1\section{Introduction}
2
3\newcommand{\libahci}{\lstinline+libahci+\xspace}
4
5\subsection{Purpose}
6
7The intent behind \libahci is to provide an easy-to-use low-level interface to
8a single \ac{ahci} port. The main reason why such a library is desirable is to
9be able to send arbitrary \ac{ata} commands via \ac{ahci} without having to
10bother with the \ac{ahci} specification details.
11
12\subsection{Design}
13
14\libahci abstracts the low-level \ac{ahci} operations such as the writing to
15memory mapped control registers of the \ac{hba}. It exposes an interface
16similar to that of Flounder-generated interfaces to offer a familiar
17environment for Barrelfish developers.  The library is also used for the
18\ac{ahci} specific layer of the Flounder \ac{ahci} backend.

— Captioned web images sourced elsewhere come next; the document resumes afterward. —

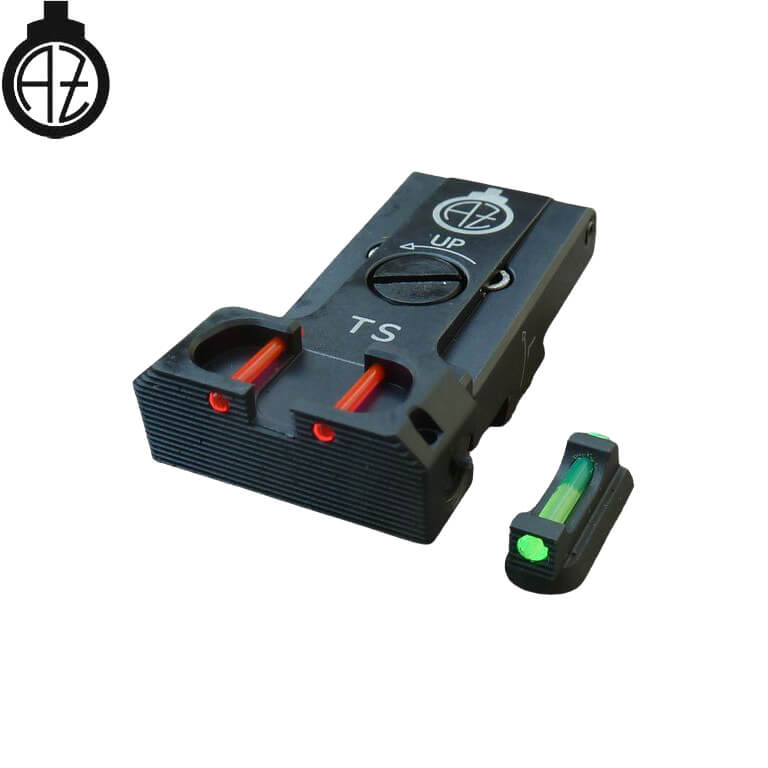 CZ TS 2 adjustable sights with fiber optics | type B Zendl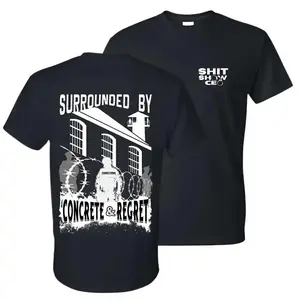 Surrounded by Concrete & Regret 2-Sides Graphic T-Shirt for Correctional Professionals – Bold Statement Tee for Those in the Correctional Field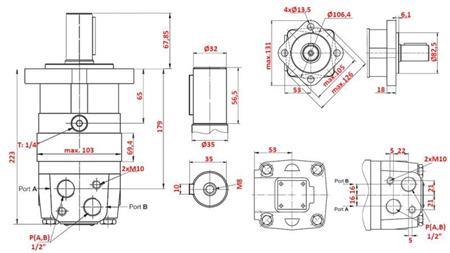 MOTORE IDRAULICO MS 400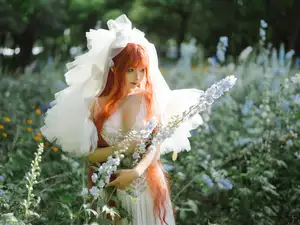 Coser Chunmomo | Ethereal Bride in a Dreamy Flower Garden Wedding Dress - image 3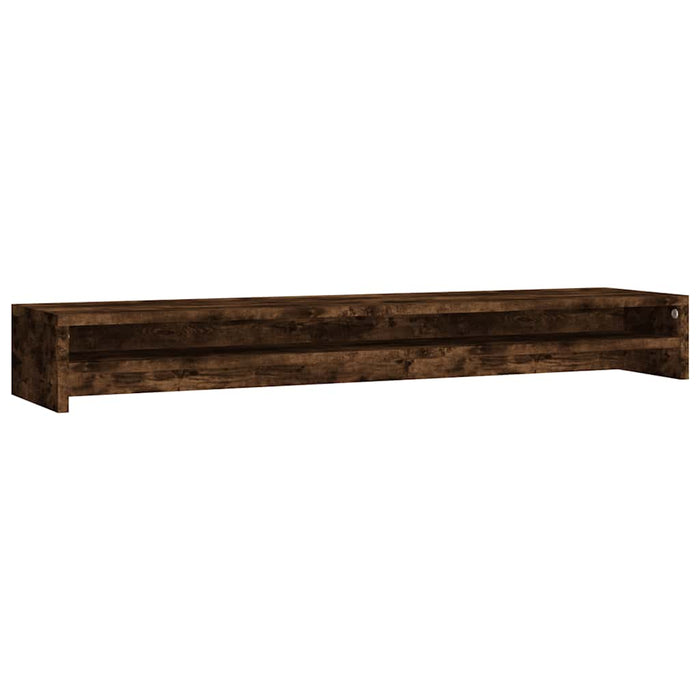 Suport pentru monitor stejar fumuriu 100x24x13cm lemn prelucrat - WALTI WALTI
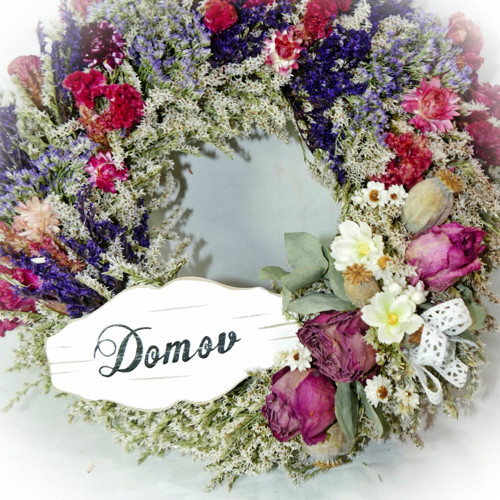 Celoroční věnec - Domov /s růžemi / — foto 2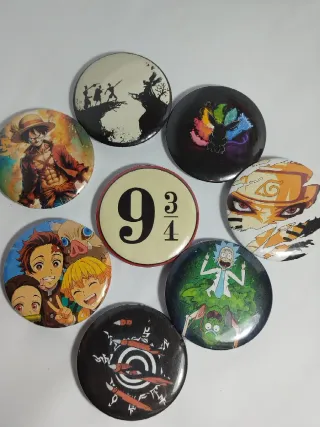​Chapas / Pines Grandes (Anime, Harry Potter..)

It acts as a
19central point for interfacing \ac{ahci} controllers.
20
21Apart from handling the sending of \ac{ahci} formatted \ac{ata} messages,
22\libahci also provides memory management for \acs{dma} regions.
23
24\section{DMA Buffer Pool}
25
26As all data transfers with \ac{ahci} as transport are done via \acs{dma}, we
27need a mechanism to manage data buffers that are mapped non-cached. Because
28Barrelfish does not have memory reclamation for raw frame allocation, we must
29manage these buffers ourselves and have therefore implemented our own memory
30subsystem in the form of a \acs{dma} buffer pool, which allows for \acs{dma}
31buffer allocation and freeing.
32
33The user has to call \lstinline+ahci_dma_pool_init+ to initialize the \acs{dma}
34buffer pool. After that, calls to \lstinline+ahci_dma_region_alloc+ and
35\lstinline+ahci_dma_region_alloc_aligned+ allocate buffers of the given size
36rounded up to 512 bytes, and the latter aligns the base address such that {\tt
37base \% alignment\_requirement == 0}. \lstinline+ahci_dma_region_free+ returns
38the region it gets passed to the pool.
39
40Additionally the buffer pool provides helper functions that facilitate copying
41data in and out of a buffer (\lstinline+ahci_dma_region_copy_in+ and
42\lstinline+ahci_dma_region_copy_out+).
43
44\begin{center}
45\begin{minipage}{54mm}
46\begin{lstlisting}[caption={DMA region handle},label=code:reghandle]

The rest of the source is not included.